• [What to produce]
Make an exact copy, from the records below, of the lines from the line containing "laundry room with" to the line containing "贝伦埃斯科巴La Morada Rentals", both lines included, excluding pictures.

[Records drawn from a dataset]
......

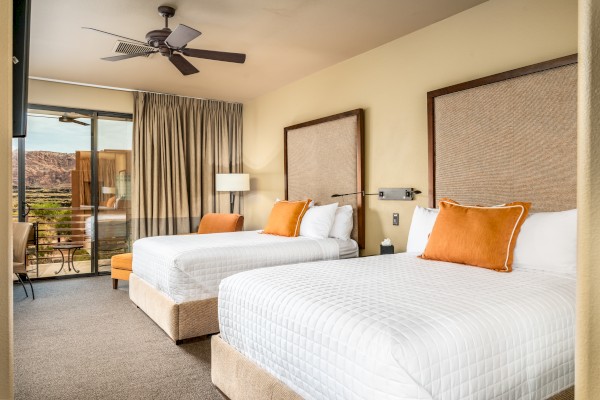 The image shows a hotel room with two beds, orange pillows, wall decor, and a balcony with a view of a mountainous landscape outside.
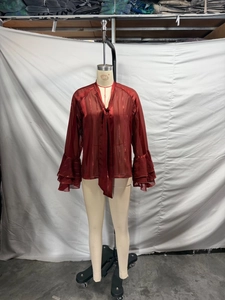 Detail of burgundy sheer chiffon blouse featuring tie-neck and tiered ruffle bell sleeves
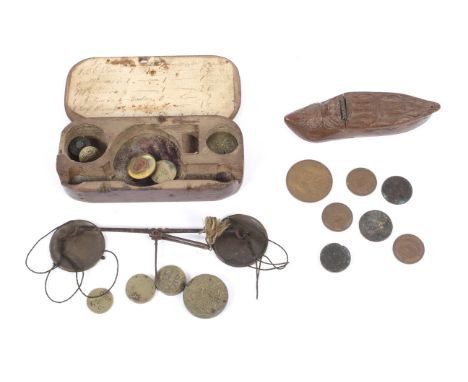 An 18th century cased set of travelling coin scales. With associated weights, together with a carved wooden snuff box in the 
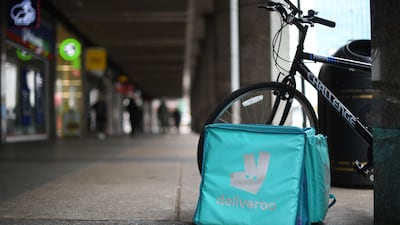 A Deliveroo bag and bike are parked near Victoria Station in central London. The group said it benefited from further strength in its key UK business, where orders increased by 72 per cent. AFP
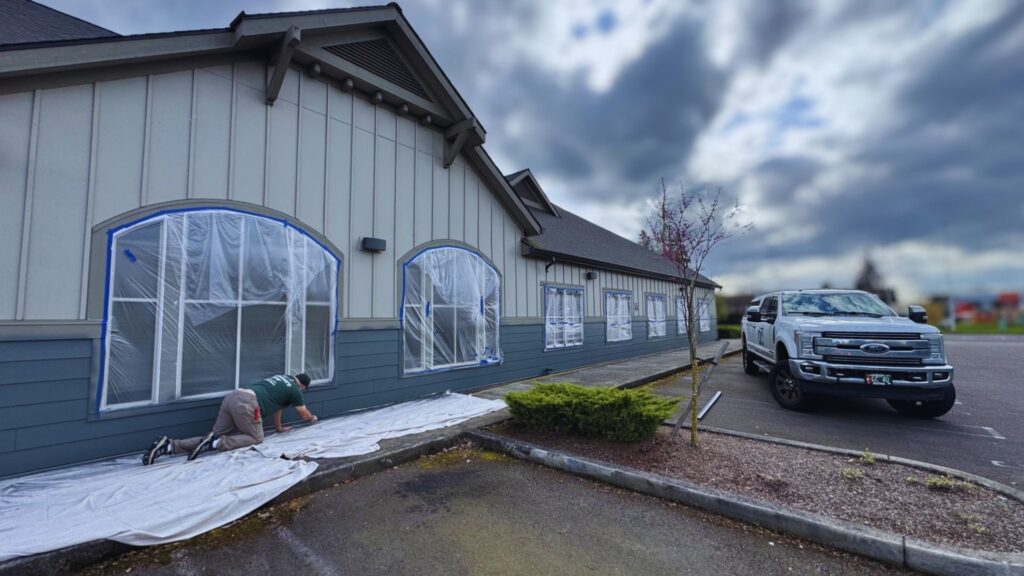 mid-commercial painting job showing someone actively painting the siding of the commercial building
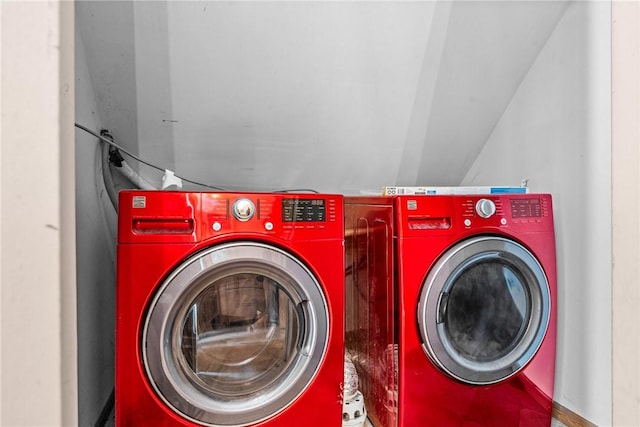 laundry room with laundry area and washer and clothes dryer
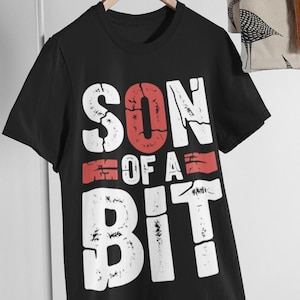 May include: A black short-sleeved t-shirt featuring the white and red distressed text "SON OF A BIT" printed on the front. The shirt is displayed on a wooden hanger, showcasing a crew neckline and a standard fit with a graphic design.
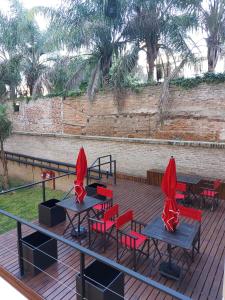 贝伦埃斯科巴La Morada Rentals Apartments的一个带桌子和红色椅子的甲板和墙壁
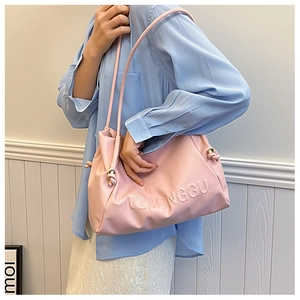 Primer plano de bolso tote de cuero rosa con letras en relieve llevado por una modelo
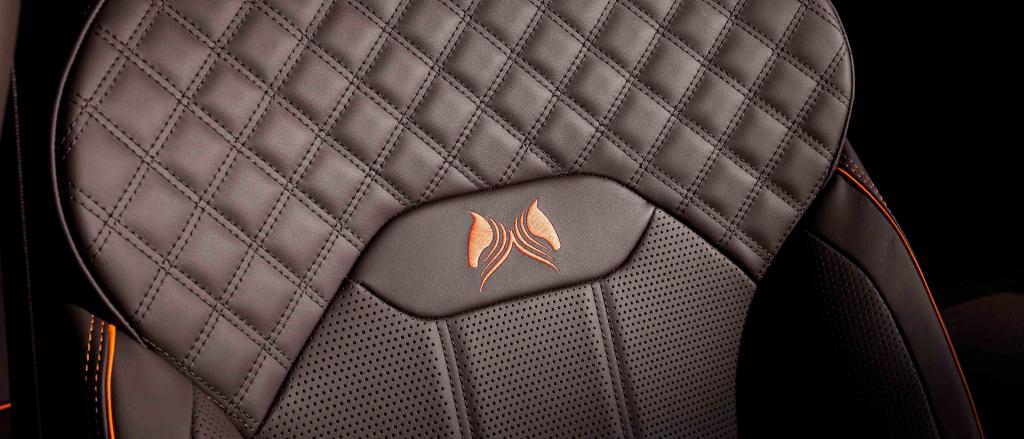 Bentley Bentayga Bentayga S's front seat in focus, featuring detailed Diamond quilt detailed stitching and Orange flame piping witch custom emblem.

......

• [Finished exercise]
 laundry room with laundry area and washer and clothes dryer
 May include: A black short-sleeved t-shirt featuring the white and red distressed text "SON OF A BIT" printed on the front. The shirt is displayed on a wooden hanger, showcasing a crew neckline and a standard fit with a graphic design.
 贝伦埃斯科巴La Morada Rentals Apartments的一个带桌子和红色椅子的甲板和墙壁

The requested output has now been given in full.